I look at Bruce today and know exactly what he’s thinking. He can say the same about me. I know so much about him, but because he is constantly changing, as I am as well, life is never boring. He told me just the other day that he no longer prefers his beloved hazelnut coffee creamer (shocker!). He also told me his entire vision of what He believes God has for our family is shifting. Whoa. Okay. I am so glad that we haven’t give up on God – who promises to help us – nor on each other, because I like who Bruce is today and I like our marriage. Whether things are smooth sailing or we are working hard to patch a leak in the boat, we’ve got each other to travel this crazy river of life.
There is no promise for a problem-free life, but God offers immeasurable joy when He is the captain of the boat. Keep rowing. Keep investing in each other. If the boat tips over, hang on and ride out the storm. Then climb back into the boat.
Paul said it best in Philippians 4:12-13, “I know what it is to be in need, and I know what it is to have plenty. I have learned the secret of being content in any and every situation, whether well fed or hungry, whether living in plenty or in want. I can do everything through Christ who gives me strength.”

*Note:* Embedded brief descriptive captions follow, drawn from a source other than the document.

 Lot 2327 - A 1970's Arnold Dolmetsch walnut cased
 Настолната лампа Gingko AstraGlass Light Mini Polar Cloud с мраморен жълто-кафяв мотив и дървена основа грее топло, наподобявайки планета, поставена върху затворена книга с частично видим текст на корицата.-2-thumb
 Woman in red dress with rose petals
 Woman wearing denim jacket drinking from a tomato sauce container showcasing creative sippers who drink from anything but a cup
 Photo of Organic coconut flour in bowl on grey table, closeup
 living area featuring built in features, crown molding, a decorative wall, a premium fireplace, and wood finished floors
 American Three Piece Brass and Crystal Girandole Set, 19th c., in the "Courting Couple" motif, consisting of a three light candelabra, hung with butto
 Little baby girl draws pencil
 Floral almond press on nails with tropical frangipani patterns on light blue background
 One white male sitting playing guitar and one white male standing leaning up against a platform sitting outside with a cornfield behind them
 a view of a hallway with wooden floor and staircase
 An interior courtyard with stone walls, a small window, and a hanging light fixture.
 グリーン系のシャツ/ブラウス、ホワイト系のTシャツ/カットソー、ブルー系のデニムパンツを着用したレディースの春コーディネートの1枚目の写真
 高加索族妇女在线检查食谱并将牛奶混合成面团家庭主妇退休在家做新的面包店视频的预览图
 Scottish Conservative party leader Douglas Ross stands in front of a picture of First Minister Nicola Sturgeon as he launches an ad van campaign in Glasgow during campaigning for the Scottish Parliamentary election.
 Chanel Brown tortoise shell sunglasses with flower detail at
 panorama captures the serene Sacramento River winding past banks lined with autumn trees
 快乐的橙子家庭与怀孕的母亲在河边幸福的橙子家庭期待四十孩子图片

This sounds familiar. Oh yes, Bruce and I took an oath under God when we got married – for better, for worse, for richer, for poorer, in sickness and health, to love and to cherish ’till death due us part. I am content, not because Bruce or I know how to beat the odds on our own, but because we have discovered that the power of Christ in our marriage can weather the storms and show us that marriage, indeed, is a beautiful journey when we stay in the boat and enjoy the ride together.